_DATASET CONTENT_.
********

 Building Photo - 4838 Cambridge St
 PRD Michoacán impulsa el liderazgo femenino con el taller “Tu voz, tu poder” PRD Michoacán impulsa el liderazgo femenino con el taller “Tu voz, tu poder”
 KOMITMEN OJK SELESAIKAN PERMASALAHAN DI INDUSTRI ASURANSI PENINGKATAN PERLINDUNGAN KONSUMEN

********

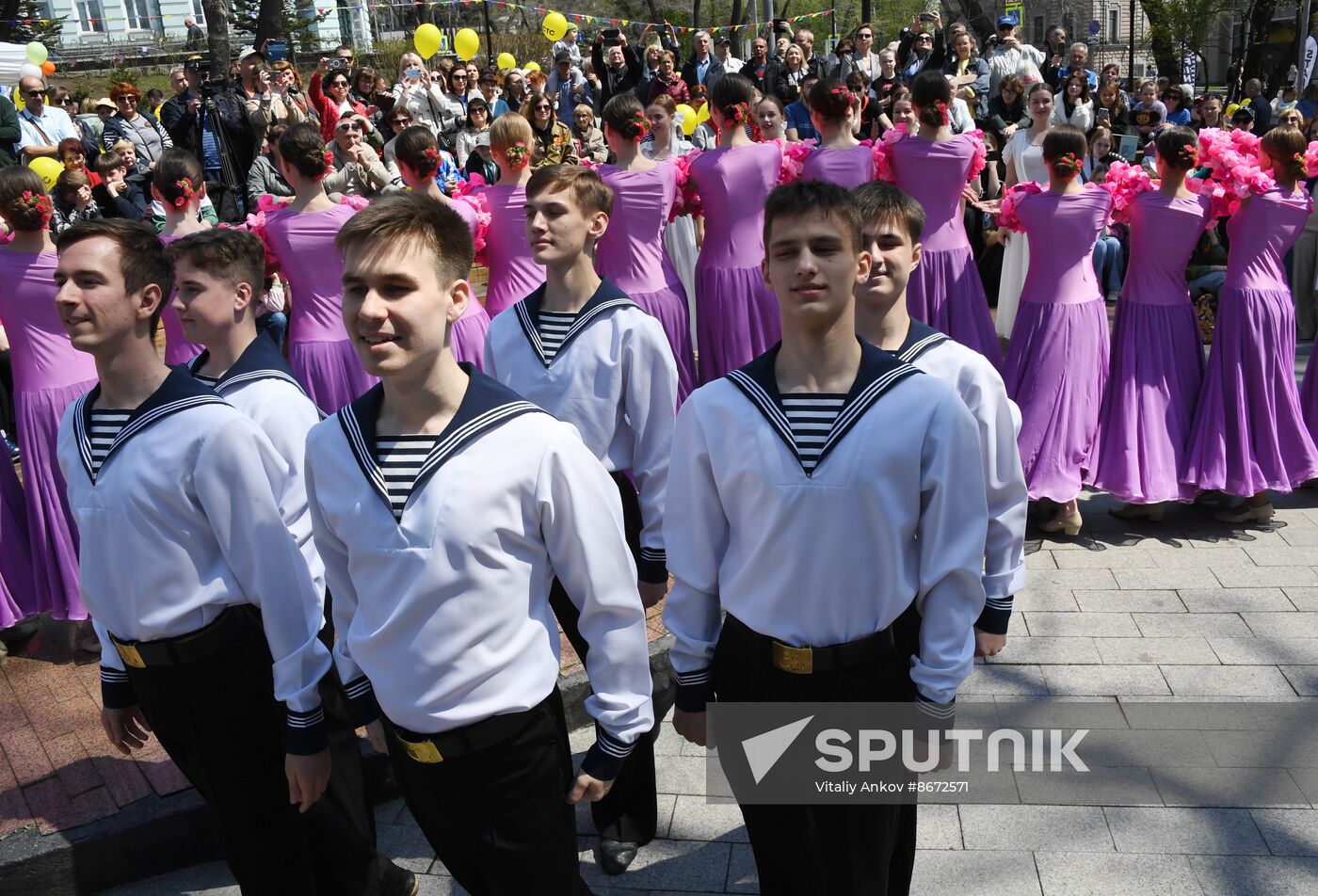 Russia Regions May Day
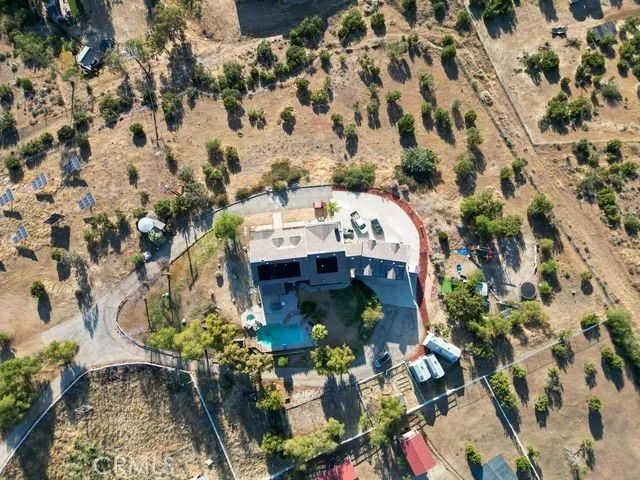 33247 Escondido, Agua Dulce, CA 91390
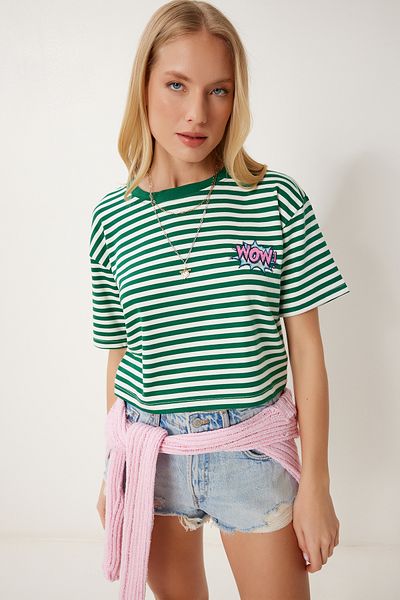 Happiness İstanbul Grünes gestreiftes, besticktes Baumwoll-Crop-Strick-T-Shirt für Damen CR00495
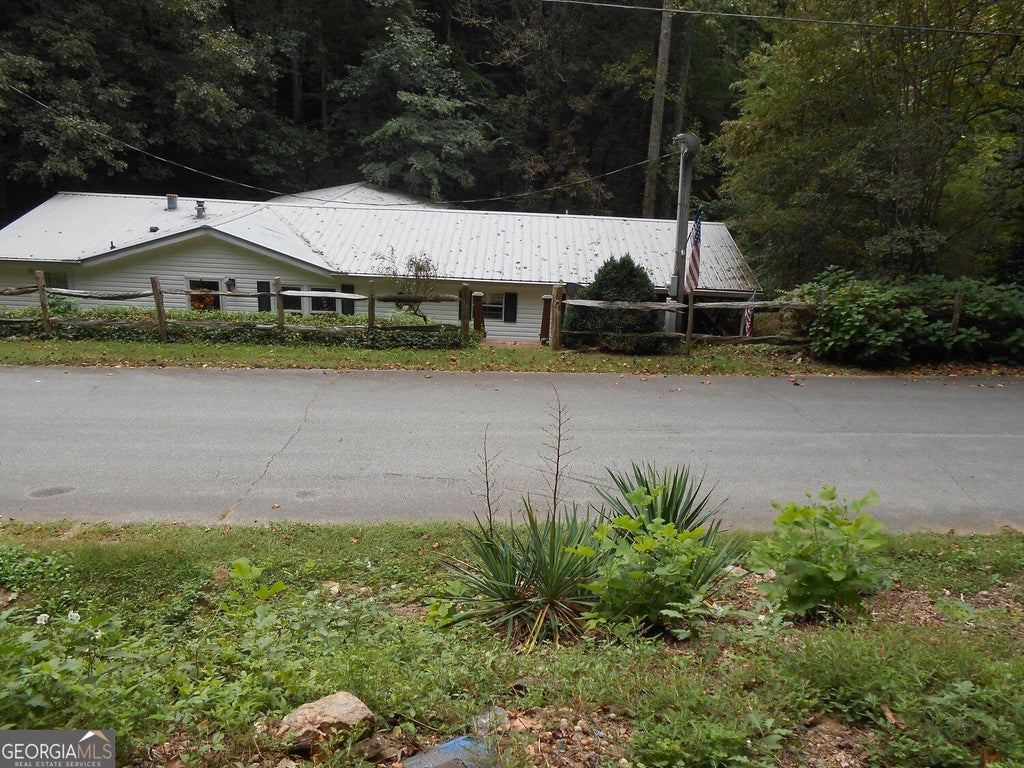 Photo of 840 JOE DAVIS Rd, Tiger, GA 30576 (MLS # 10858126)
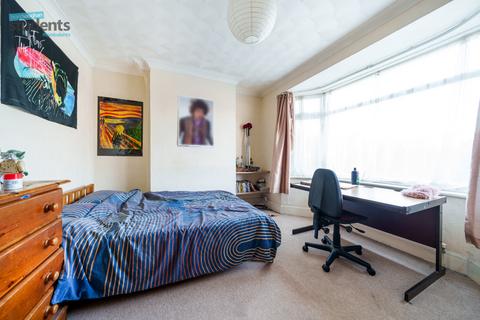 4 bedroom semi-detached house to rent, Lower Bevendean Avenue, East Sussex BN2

********

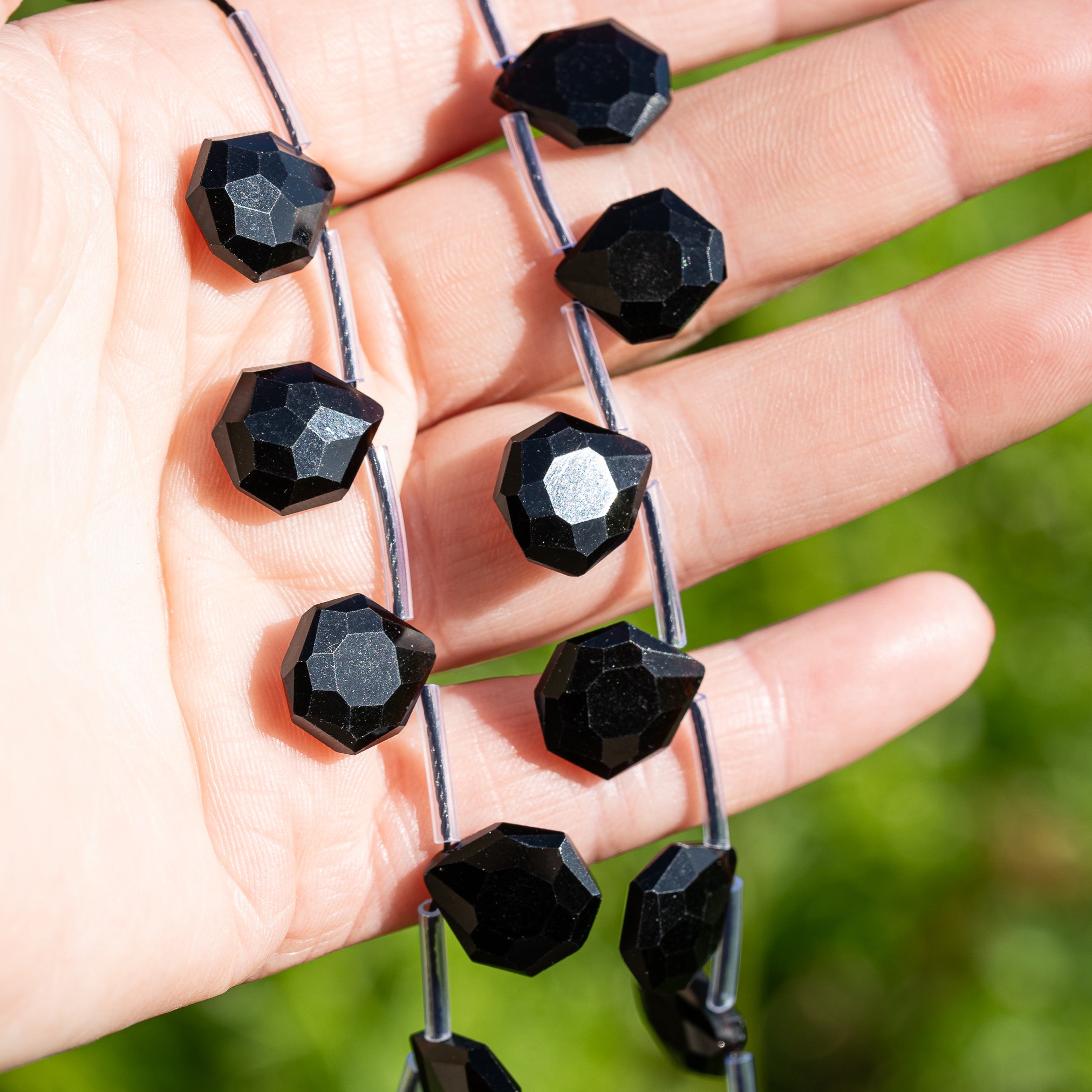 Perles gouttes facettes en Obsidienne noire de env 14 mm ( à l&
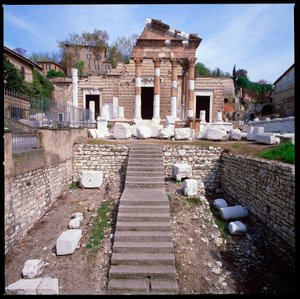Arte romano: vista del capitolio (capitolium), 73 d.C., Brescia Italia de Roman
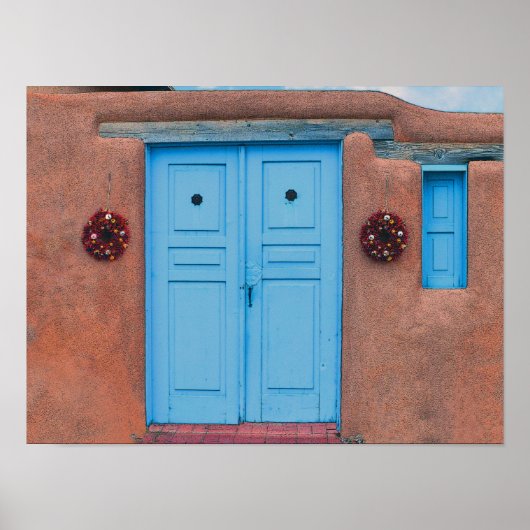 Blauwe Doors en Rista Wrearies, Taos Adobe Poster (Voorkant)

********

_INSTRUCTIONS TO FOLLOW_.
In the listing above, locate the line containing "Building Photo - 4838 Cambridge St" and the line containing "KOMITMEN OJK SELESAIKAN", then transcribe both and every line between them verbatim.

_YOUR SOLUTION_.
 Building Photo - 4838 Cambridge St
 PRD Michoacán impulsa el liderazgo femenino con el taller “Tu voz, tu poder” PRD Michoacán impulsa el liderazgo femenino con el taller “Tu voz, tu poder”
 KOMITMEN OJK SELESAIKAN PERMASALAHAN DI INDUSTRI ASURANSI PENINGKATAN PERLINDUNGAN KONSUMEN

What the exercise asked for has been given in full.